St. Louis challenged the out call on the field, but the call was upheld, so no harm done. Phew.

Miles Mikolas was still going strong for St. Louis, sadly, sitting the heart of our order down on three strikeouts in the top of the seventh. Things got a little dicey again for Kelly, meanwhile, in the bottom of the seventh, though really it was through no fault of his own. With two outs and two strikes on him, Yadier Molina went down and got a good Kelly changeup that he broke his bat lifting into shallow center. Had his bat not broken, he would have hit it a bit harder, and I suspect Luplow could have come in and made the catch. Sadly, however, it dropped in for the Cards’ second hit of the day. Harrison Bader then hit a sharp grounder to third that Alcantara allowed to glance off his glove for an error. Kelly was a little bit rattled at this point, it seemed, and also kind of running on fumes—he’d started the inning having thrown only 75 pitches, but after the single and the error his pitch count was at 91. Thankfully, he managed his fourth strikeout of the day to end the frame, and keep the zeros in place.

It had seemed, going into the bottom of the seventh, like Kelly might make it into the eighth, but by the time it was over he was at 97 pitches and Noe Ramirez was warming in the bullpen. Kelly finished his day with a line of 7 IP, 2 H, 4 K, 0 walks and 1 HBP on 97 pitches thrown. It would have been cool to see him pitch deeper, but he was done, which was fine. It was a stellar outing.

Miles Mikolas, meanwhile, was only at 92 pitches after seven, and I guess St. Louis thought it would be cool, too, to have their starter come out for the eighth, because that’s what happened. It was also their undoing. Mikolas faced Ketel Marte to lead off the eighth, and Ketel launched the third pitch he saw over the wall in right:

Carson Kelly flew out to center on the next pitch, but then Nick Ahmed wanted to send the fans in left home with a souvenir as well:

That chased Mikolas, who’d pitched brilliantly up until that point. Sergio Alcantara then hit a double, and Jordan Luplow reached with two outs on another St. Louis throwing error on the infield, advancing Alcantara to third, but two runs were all we wound up getting. 2-0 D-BACKS

Two runs were all we needed, though, as Noe Ramirez retired the Cardinals in order in the bottom of the eighth and Ian Kennedy (gulp) closed it out in the ninth after giving up a leadoff walk to Goldy just to make things interesting.
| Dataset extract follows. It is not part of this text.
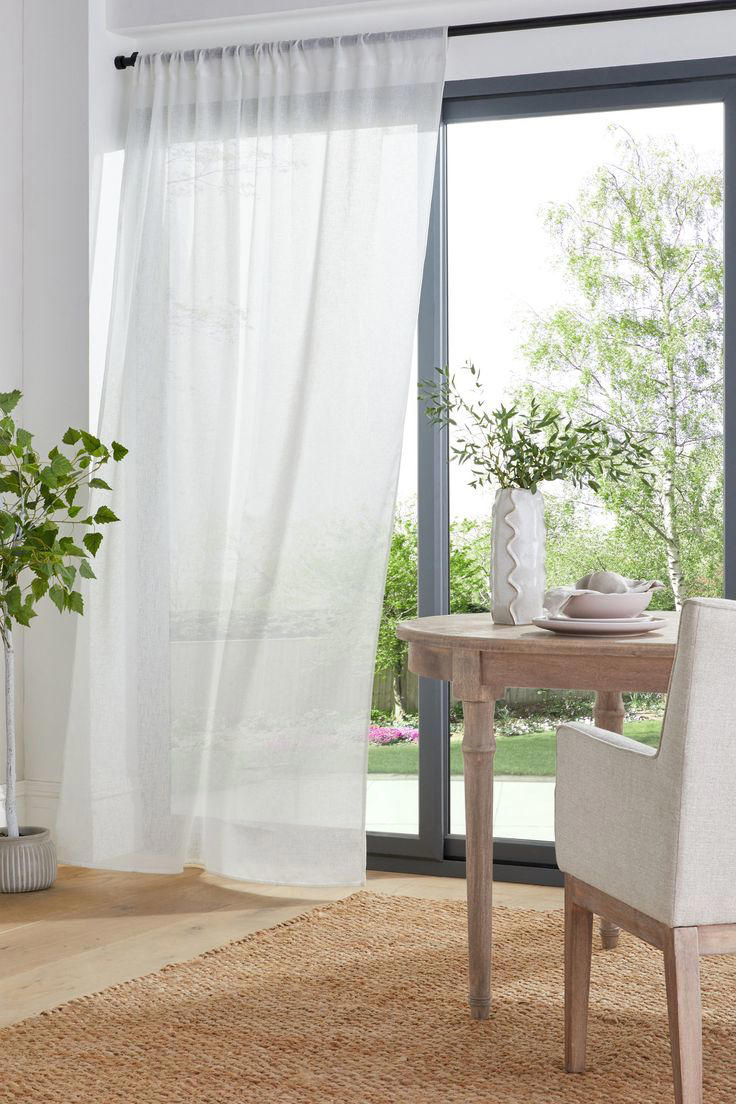 6 Tips Membuat Rumah Lebih Terang Secara Alami!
Win Probability Added, courtesy of FanGraphs

Boulder Dam renamed Hoover Dam: Merrill Kelly (see pitching line above, +41.3% WPA)
The Artist Formerly Known as Prince changing his name back to Prince: Ketel Marte (4 AB, 1 H, 1 HR, +21.9% WPA), Nick Ahmed (3 AB, 2 H, 1 HR, +13.4% WPA)
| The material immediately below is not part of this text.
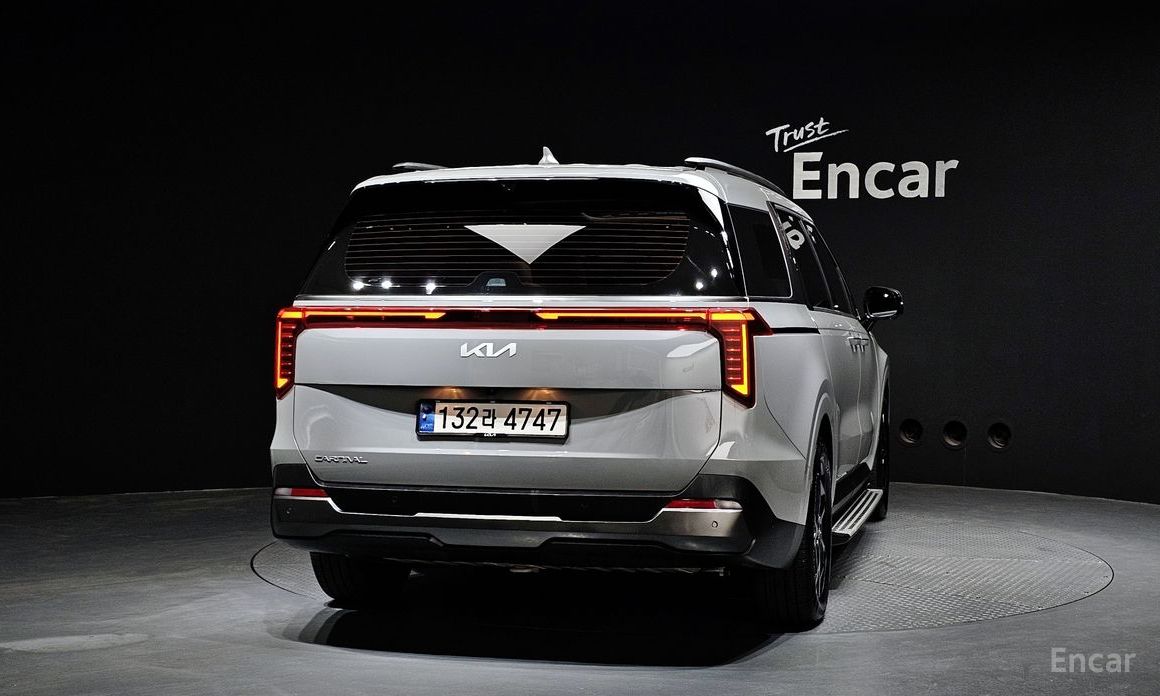 2024 Kia Carnival IV Рестайлинг 9-Seater Gravity с пробегом 3 855 км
As one might expect from a morning start time and a 0-0 pitching duel through seven, the Gameday Thread was kind of mellow for much of the game, though holy crap did the activity explode once we’d broken it open. All in all, we wound up with 257 comments at the time of writing. Nice job, everybody! It’s nice when we win, and when we win after a helluva a pitching performance by both teams. No CotG, sadly, because the only one that went red was a GIF, and I’m a crotchety old man who scorns these new innovations. And get off my lawn!

Well, at least until tomorrow, when we go for our second consecutive series win! Zach Davies takes the mound for us, facing off against St. Louis righty Jordan Hicks. It’s another morning start for those of us watching in Arizona, with first pitch at 11:15am local time, just like today. Hope you can join us....we’ve played well these past two games, and they’ve been fun to watch!

Anyway, that’s all for this one. As always, thanks for reading, and as always, go Diamondbacks!